Hidden Layer: The hidden layer is the middle layer between the input and output layer.
Output Layer: The output layer is the output of the neural network.

Bias

You can think biases are some adjustable knobs that you can tweak according to your need.
Biases are added with the input and weight production. (x1 * w1 + b1), so it can trigger a neuron even if the inputs of that neuron is zero. This helps the network learn better and make accurate.

Activation Function

Activation function is a mathematical function that determines whether the neuron should be activated or not.
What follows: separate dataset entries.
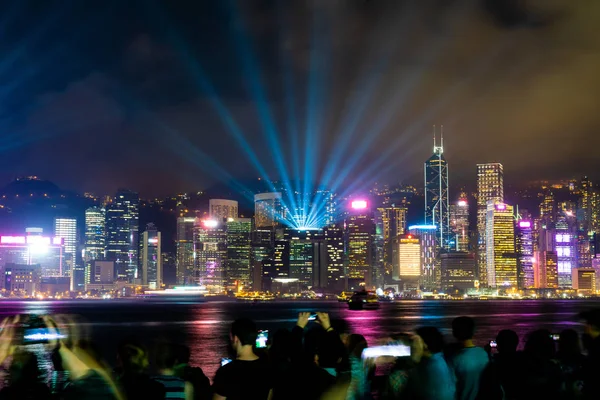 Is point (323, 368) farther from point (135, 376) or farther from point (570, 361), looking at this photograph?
point (570, 361)

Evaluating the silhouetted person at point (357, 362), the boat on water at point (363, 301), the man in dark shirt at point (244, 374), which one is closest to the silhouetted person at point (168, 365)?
the silhouetted person at point (357, 362)

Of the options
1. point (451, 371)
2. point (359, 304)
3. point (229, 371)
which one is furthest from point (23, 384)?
point (359, 304)

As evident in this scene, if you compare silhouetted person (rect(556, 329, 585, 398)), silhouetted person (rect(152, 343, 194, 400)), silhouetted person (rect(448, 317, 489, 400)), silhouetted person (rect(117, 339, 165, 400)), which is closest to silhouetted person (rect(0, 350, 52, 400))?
silhouetted person (rect(117, 339, 165, 400))

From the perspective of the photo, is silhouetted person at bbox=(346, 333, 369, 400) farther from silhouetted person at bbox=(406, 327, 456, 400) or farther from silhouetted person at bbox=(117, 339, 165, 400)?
silhouetted person at bbox=(117, 339, 165, 400)

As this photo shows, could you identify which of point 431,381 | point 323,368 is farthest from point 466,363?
point 323,368

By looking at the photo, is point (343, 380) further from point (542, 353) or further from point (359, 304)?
point (359, 304)

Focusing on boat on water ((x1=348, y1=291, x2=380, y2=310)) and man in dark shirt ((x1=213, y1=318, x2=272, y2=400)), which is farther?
boat on water ((x1=348, y1=291, x2=380, y2=310)) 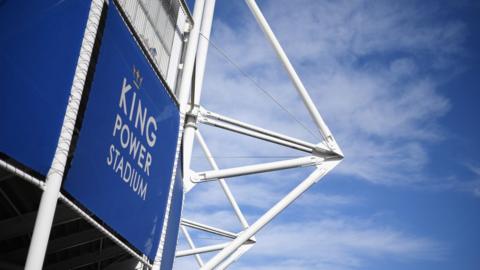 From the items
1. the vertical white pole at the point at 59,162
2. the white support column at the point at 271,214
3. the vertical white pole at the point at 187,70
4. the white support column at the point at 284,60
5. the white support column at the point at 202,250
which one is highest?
the white support column at the point at 284,60

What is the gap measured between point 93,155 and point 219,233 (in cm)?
1674

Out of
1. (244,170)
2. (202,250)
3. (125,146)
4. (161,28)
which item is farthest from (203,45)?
(202,250)

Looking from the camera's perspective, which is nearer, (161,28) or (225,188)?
(161,28)

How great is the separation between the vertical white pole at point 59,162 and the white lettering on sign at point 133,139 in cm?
172

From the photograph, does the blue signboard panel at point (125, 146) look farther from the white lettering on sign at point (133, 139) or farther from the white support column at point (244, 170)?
the white support column at point (244, 170)

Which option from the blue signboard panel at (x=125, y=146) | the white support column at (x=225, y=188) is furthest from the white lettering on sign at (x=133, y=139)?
the white support column at (x=225, y=188)

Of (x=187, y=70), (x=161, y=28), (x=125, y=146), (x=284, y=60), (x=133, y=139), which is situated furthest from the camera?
(x=284, y=60)

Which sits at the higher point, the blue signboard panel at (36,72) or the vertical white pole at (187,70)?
the vertical white pole at (187,70)

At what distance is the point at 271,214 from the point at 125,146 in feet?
26.8

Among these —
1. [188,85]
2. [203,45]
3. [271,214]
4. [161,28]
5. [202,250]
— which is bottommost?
[271,214]

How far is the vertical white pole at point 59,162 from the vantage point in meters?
7.39

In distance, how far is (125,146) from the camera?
1099cm

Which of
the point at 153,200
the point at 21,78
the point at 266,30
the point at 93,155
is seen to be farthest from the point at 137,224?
the point at 266,30

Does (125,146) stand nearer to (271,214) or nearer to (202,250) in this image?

It takes the information from the previous neuron and applies some mathematical functions to decide whether to send its own signal further or not.
Some of the most used activation functions are,

Sigmoid: It allows some information through (between 0 and 1) but not everything.
Tanh: Similar to sigmoid, but the filter goes from -1 to 1.
ReLU: It lets all positive information through and blocks negative information.
Leaky ReLU: Similar to ReLU, but allows a tiny bit of negative information to leak through.
Softmax: Turns any set of numbers into probabilities that always sum to 1.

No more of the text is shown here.